The Georgian Period (1700-1830)
The Georgian period was so named after the four King Georges who ruled in succession throughout this period. It was a prosperous and revolutionary time, particularly in politics, art and architecture, with many technological advancements happening at this time. There were huge developments in science and of course exploration. There was also a changing role for women in society. This all provided a great backdrop for developments in jewellery of the time.
It wasn’t just in Britain, where things were developing at pace and with politics running wild. For example, in America, George Washington was President, and it was a period marked by a Revolution. In France, Louis XVI and Marie Antoinette were at the helm during the French Revolution and Napoleon. In Russia, Catherine the Great reigned.
For Georgian jewellery history, the period spanned from 1714 to 1830 and encompassed the reign of George I, George II, George III and George IV.
During the Georgian period, intricate metal work depicting natural themes came into fashion. This is called repoussé (an example of a repoussé bracelet is shown below). In addition, the use of faceted gemstones became all the rage.

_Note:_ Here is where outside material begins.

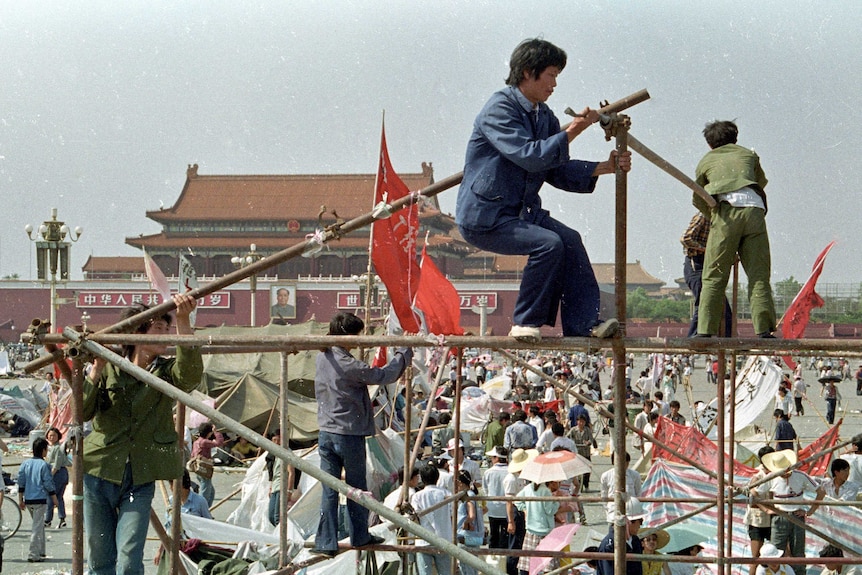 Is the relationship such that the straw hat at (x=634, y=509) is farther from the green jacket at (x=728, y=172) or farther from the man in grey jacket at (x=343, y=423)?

Motifs and Symbolism in Georgian Jewellery
Flowers, butterflies, ribbons, and scrolls were popular motifs in Georgian jewellery. Sentimental jewellery like the ‘lover’s eye’ and also mourning jewellery was popular at this time. One of our favourites, acrostic jewellery (taking the first letter from popular gemstones to make a word, like regard, love, dearest) was also popular.
Gem Cutting Styles in Georgian Jewellery
Table cuts, rose cuts, and old mine cuts were the cuts of the day. Table cuts are not often seen on the market and have both a flat top and bottom and are either square or rectangular. Rose cuts have a flat bottom with a domed faceted top (fairly large facets, not always even). Old mine cuts are the most similar to today’s brilliant cut.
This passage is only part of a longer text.